I sobered.
There was that word again. How could it be so heavy and so light at the same time? How could four letters, strung together in a certain order, carry such power and substance? It had poured from the very depths of my soul the previous day after Tallus had escaped what I’d perceived as mortal danger. The fear of losing him had consumed me. It was a scary feeling and an even scarier word. But it felt right like nothing in my life had ever felt.
It would take practice to repeat it, but I pulled Tallus against my mouth and told him with my heart instead. Intimacy, affection, and now love.
We were doing all right. I was figuring this out.
***
“Have you found anything?”
Tallus and I sat in the parking lot outside the diner, intending to have a late lunch after a phone call back home.
The wind howled and shook the rental. Dark clouds on the horizon promised a new winter storm before sundown. The forecast called for six inches of snow.
It had taken a song and dance learning how to hook my phone to the rental’s Bluetooth, but the second I sorted it out, I contacted the one person who could help us.
Doyle cursed on the other end of the line. “Why are you harassing me? I can’t do this in five minutes. You know that. I have a call out to the team in Port Hope, but they haven’t got back to me. As for—”
I cut him off. “We know who Ambrose Whitaker is, and the stories are one hundred percent real. The truth is plainly stated in the details of the books, modified enough to maintain anonymity. We didn’t see it until we started properly reading one of them.”
Doyle went silent.
“We can prove it too,” I added. “What I need is backup from the Port Hope police because this motherfucker has tried to take us out twice, and we’re not confronting him alone lest we end up playing the starring role of DBs in his next bestseller.”
“Talk to me.”
I explained what Tallus had found, told him about finding a particular book in Weston’s room after he’d checked it out of the library, about the marked pages we hadn’t read, and our theory that Weston must have put the pieces together as well, landing him in the river.
“It’s too speculative,” Doyle said when I finished.
“It’s not,” Tallus said. “We’ve gotten to know these people in Port Hope. It’s in the details. Ambrose Whitaker tells us all we need to know.
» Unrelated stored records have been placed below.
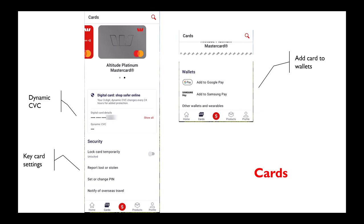Should there be a problem with your card, you can lock it, you can report it stolen, you can change your PIN, etc., and notify if you're going overseas so the bank knows that transactions will be coming in from a different country.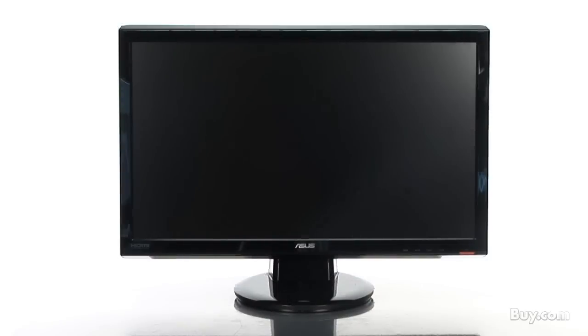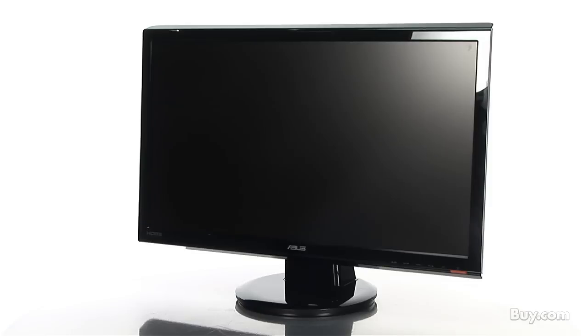Splendid video intelligence technology powers all Asus LCD monitors. Splendid automatically detects and optimizes image quality with intelligent color, brightness, contrast and sharpness correction. You'll also enjoy peace of mind with an included three year warranty.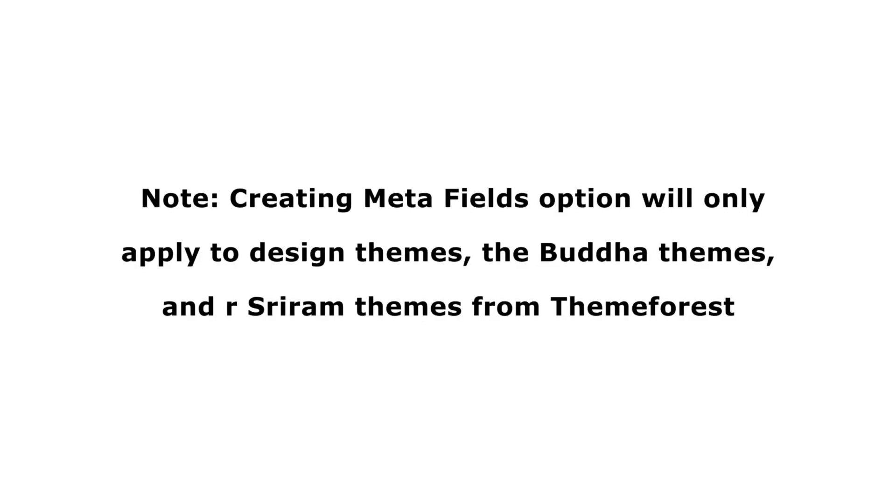Note, creating Metafields option will only apply to Design Themes, the Buddha Themes, and our Shriram Themes from ThemeForest.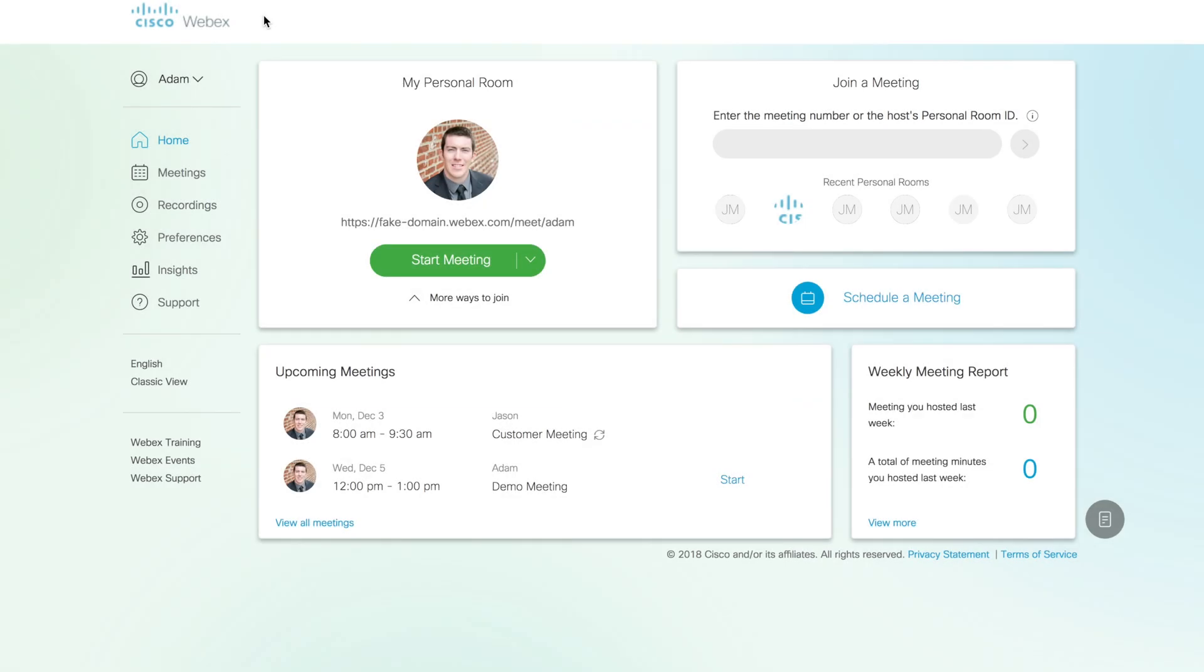You'll go to your domain name dot WebEx dot com and log in from any browser. You'll see some page that looks pretty much like this. In my example, I went to fake-domain dot WebEx dot com, but that first part of the domain name will be unique to your organization.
We didn’t see it before because the other seven books were less personal.”
“And how are you going to prove it?”
“We’re going to give you another victim, one with a personal attachment to your killer.” Tallus had a cheeky look about him again, and when our gazes met, he winked.
“How? Who?”
I explained. “You’re going to start by finding out if an unidentified woman in her late thirties with blonde hair, wearing a crimson gown and veil, was discovered at Holy Oak cemetery in the past five years.”
“Why unidentified? We have advanced resources that—”
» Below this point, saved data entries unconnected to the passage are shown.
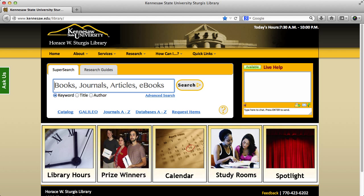This video will give you a brief overview of how to use the library's SuperSearch. SuperSearch searches the majority of the library resources, including material from the library catalog and GALILEO databases.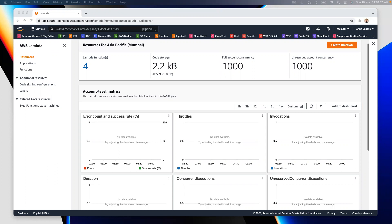These tools started with basic deployments: creating one network with a few gateways and instances. We then improved on that by using variables. As a developer, you no longer need to manually provision servers, operating systems, and storage. For example, if you need to run Node.js or Java code, you'd create a server or VM, install the required runtime environment, and then run your codebase.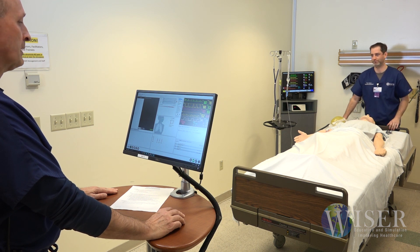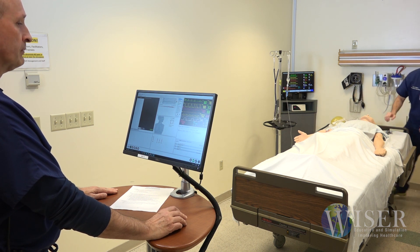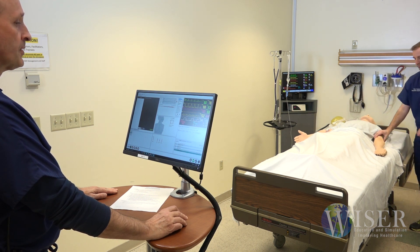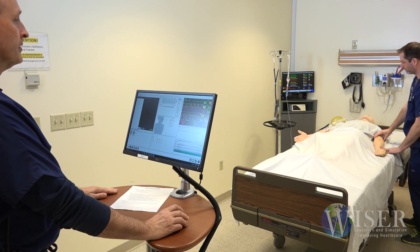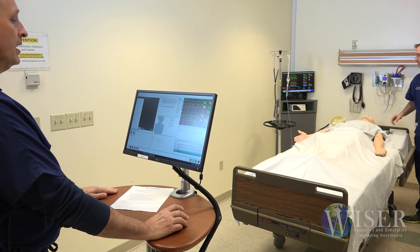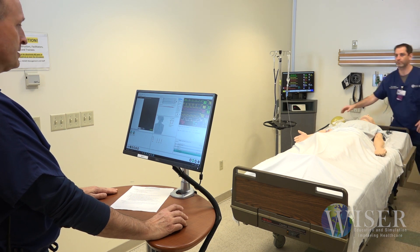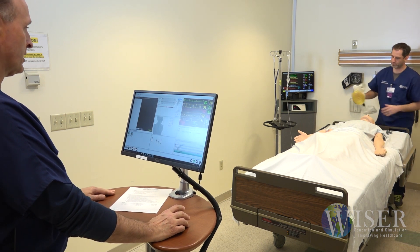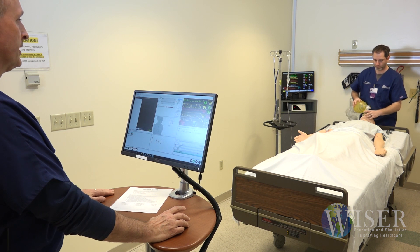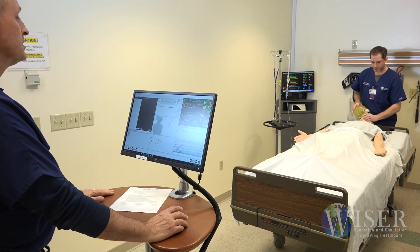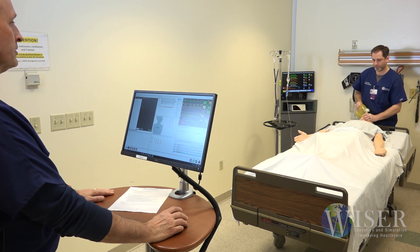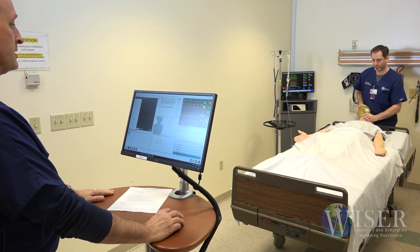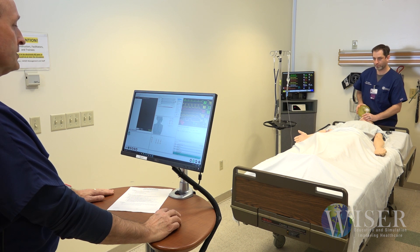The patient is breathing. We then stop the patient from breathing, and the sim specialist I'm working with goes ahead and ventilates the patient. Good chest rise is confirmed.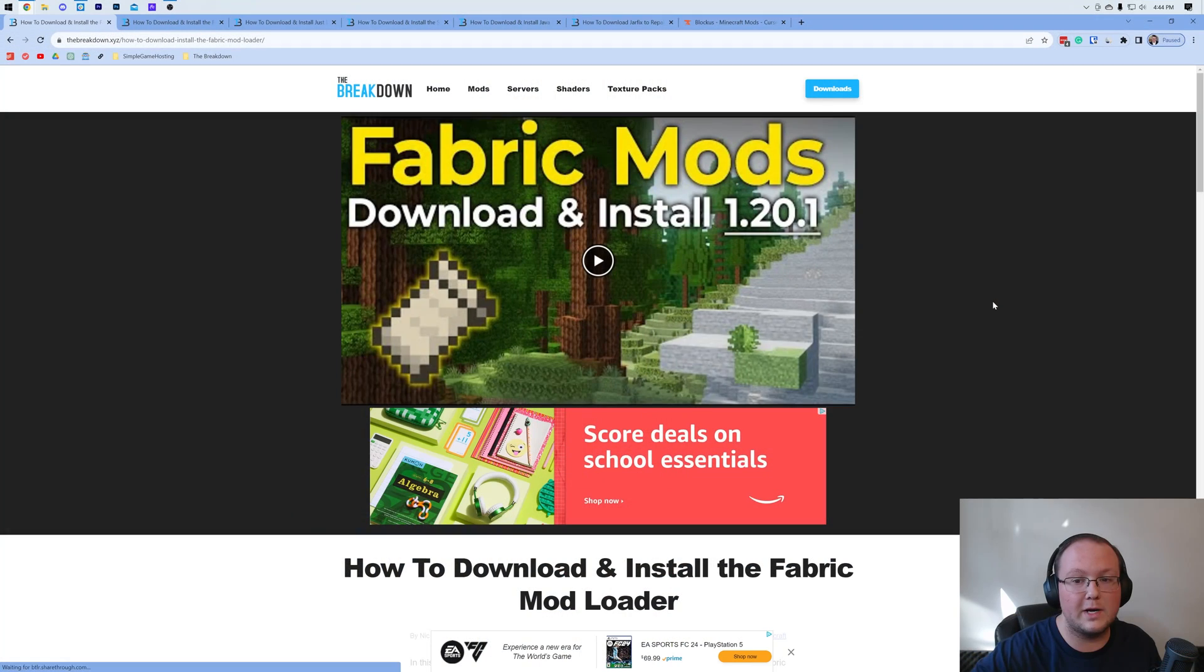Fabric is one of the most popular Minecraft modpack installers out there, and in this video we're going to show you exactly how to download and install Fabric Mods.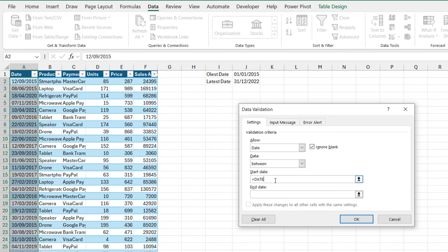So I'm going to type in the date function and open the brackets. Now for the first argument, I'm going to type in 2015 and then comma, and then January and then the 1st. So it's going to be 1st of January 2015. I'm going to close the brackets.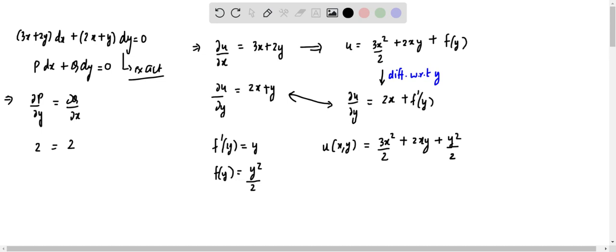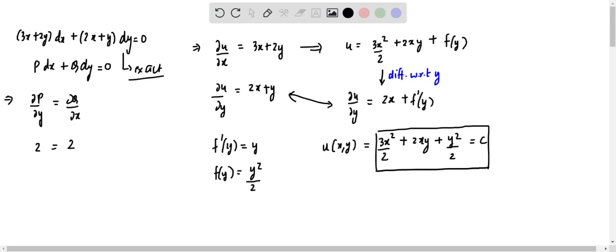This equals a constant. This is the solution. That's all.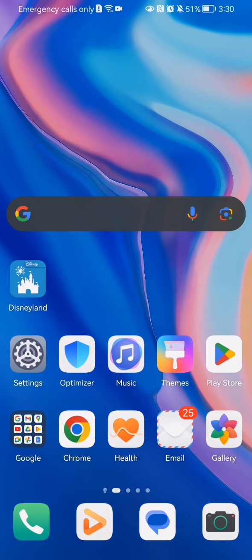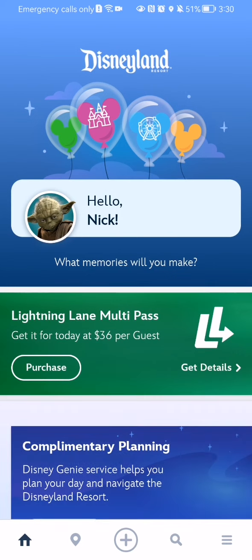Hello guys, in this video I'm going to show you how to buy tickets in the Disneyland application. The first thing you need to do is enter the app. Once you are on the home page, look in the bottom right corner and you will find three lines — press on it.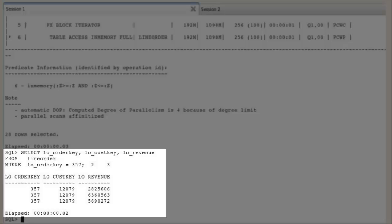A second example shows a query projecting three columns of the line order table and selecting rows on a selective value of low order key column. The optimizer is fully aware of the IM column store and the objects that reside within it. When it selects a plan for this query, it evaluates all the possible access paths.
“No fingerprints. They would have been burned off, and her teeth would have been smashed in, so no dental records. Plus, she wouldn’t have been reported missing, so she wouldn’t be on a list.”
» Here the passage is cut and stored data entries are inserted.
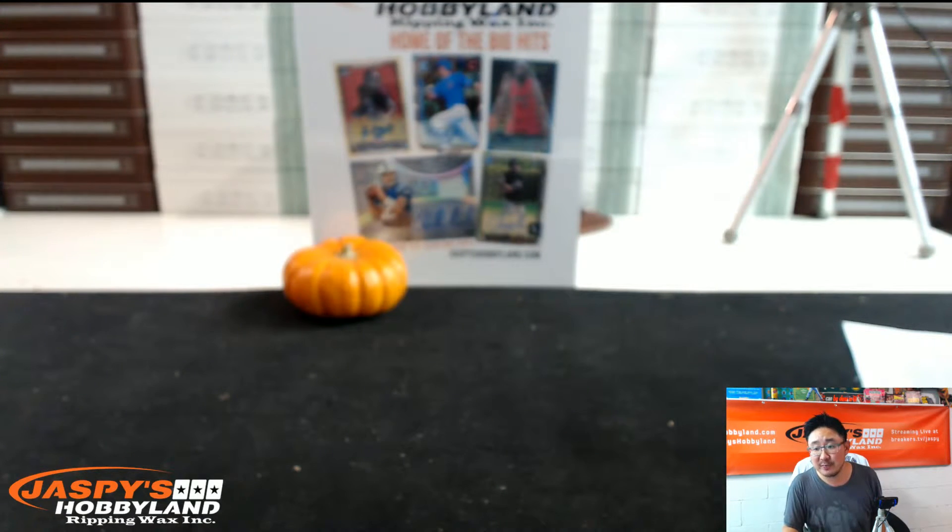Good evening everyone, this is Joe for Jaspi Hobbyland, doing a quick randomizer for high-tech baseball pick your team number four. This is for the Jaspi's big winners pool.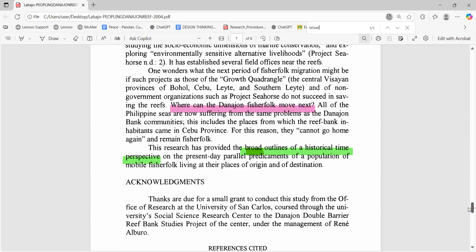End with the practical question that the evidence raises. For example, Labaho closes by asking: where can the Dalahanon fishers move next? And she further notes: many cannot go home again.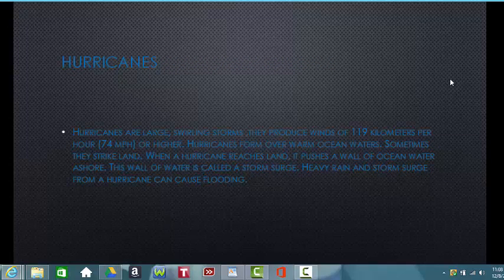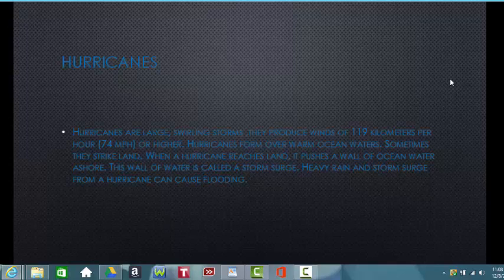Before we begin, we have to look at what hurricanes are. They are swirling storms that produce winds of 119 kilometers per hour — or 74 miles per hour — or higher. These hurricanes form over warm ocean waters and sometimes strike land. When a hurricane reaches land, it pushes a wall of ocean water ashore called a storm surge. Heavy rain and storm surge can cause flooding in coastal communities and, depending on category strength, can extend further inland.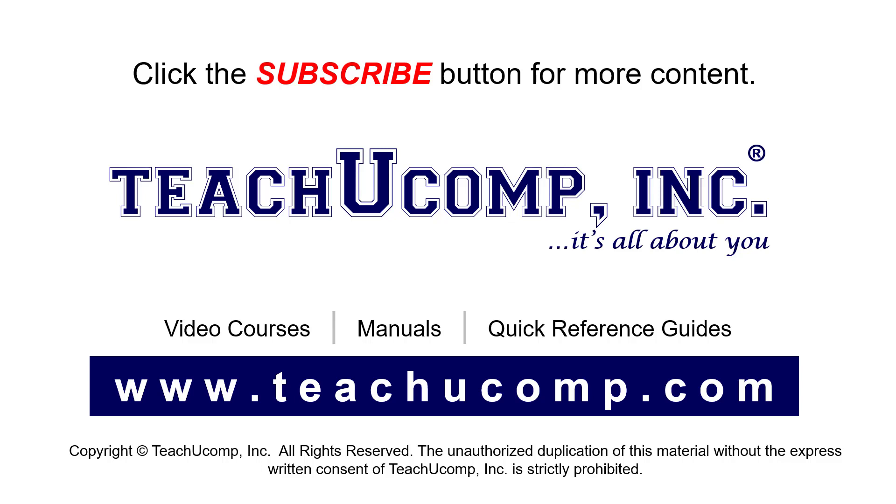If you like our video, click the button to subscribe to our channel and get easy access to new content. To see our full suite of ad-free video courses, instruction manuals, and quick reference guides, visit us at www.teachyoucomp.com.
“In the past five years?” Doyle asked.
“Yes. This book was published about three years ago, but we don’t know if our killer does the act then writes the book or writes the book then does the act.”
I listened to typing on the other end of the line. “Where the fuck is Holy Oak?”
“It’s an unused cemetery north of Sylvan Glen conservation area not far outside Port Hope. It was established in the late 1800s but ran out of room at the turn of the century, so they closed it. According to my research, less than fifty people were buried there, so my guess is they don’t maintain it anymore. It’s on a county road in the middle of buttfuck nowhere.”
“Okay. Hang on.”
The anticipation in Tallus’s eyes made me reach for his hand. He wanted to be right. I wanted him to be right.
Wewereright. Either the body had been discovered, or it was still rotting away in a place no one had been in years.